2001/01/17
I'm going to have to disagree with my boss about OS X. Be would not have been a better choice. Or, not necessarily a better choice.
With Be, Apple would have had the same challenges: the Classic environment, so old apps would still run; Carbon APIs, so developers have a (relatively) easy path to port their existing apps; and user interface.
I don't know that it would have taken any less time with Be OS as a foundation. I suspect not.
Where they erred is not in their choice of OS (Be or NeXT) but in decisions regarding the desktop.
Were I running the show, I would have said right from the start that a functioning Apple menu is hugely important.
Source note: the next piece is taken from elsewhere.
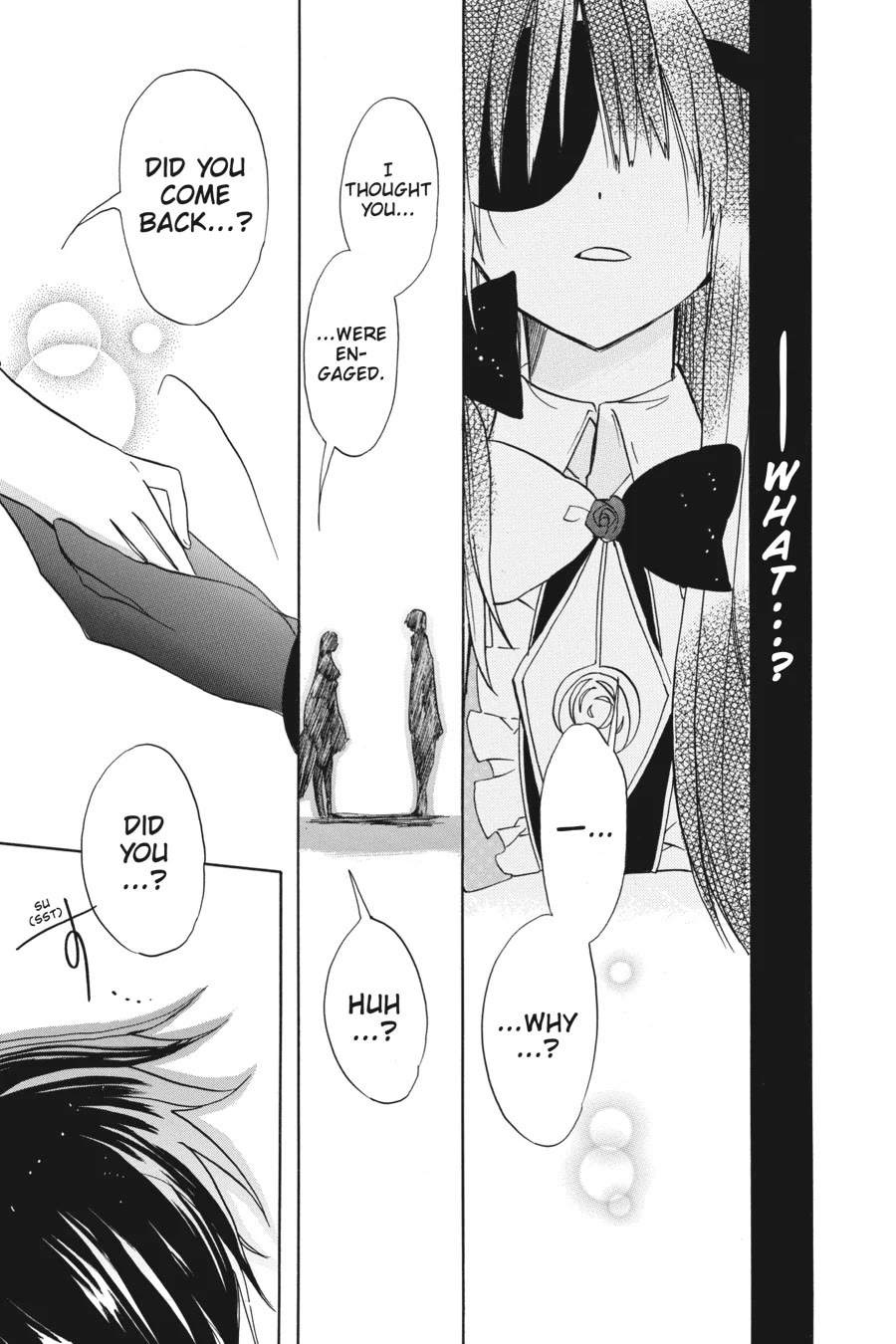 The Dark History of the Reincarnated Villainess Chapter 49 - Page 25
Etc. Etc. There are tons of great things in OS 9 that I would have retained. The break was too severe, and they're working to fix that now. The break should never have been so sharp.
(Back to my boss -- he's fond of pointing out discontinuities -- the break between OS 9 and OS X is an example. Unfortunately, I was an English major and can't follow the math. [Joking.])
I don't expect the March 24 ship date to slip. However, I do expect that OS X 1.0 will be best left to early adopters. And, come July, I would strongly recommend that Apple get off their high horse about their so-called single-OS-strategy and give people an option about which OS they want bundled with new machines.
At this point, the biggest issue facing OS X, given that it's a fact and it will ship, may be lack of software. Running Classic apps is painful. There's no good email app on OS X. There's no BBEdit, no Photoshop, no Dreamweaver, no Acrobat Reader, etc. Yet, anyway.
You might say -- well, at least you, Brent, have CodeWarrior for OS X, right? It's true, I do. Except that, with OS X Public Beta, I have to boot into OS 9 to be able to do check-outs and check-ins with our source control system. I expect that will be the case with 1.0, too. So there are all these barriers to getting work done.
Here's another little thing (I've got a huge list of them) -- there doesn't appear to be a way to extend the Finder's contextual menus. In OS 9 I'd written a few extensions which I actually use, which I rely on. (Yet another definition of a geek: one who doesn't mind breaking out a C compiler just to customize his or her desktop. OS X won't let me be a geek in that way. Correct me if I'm wrong.)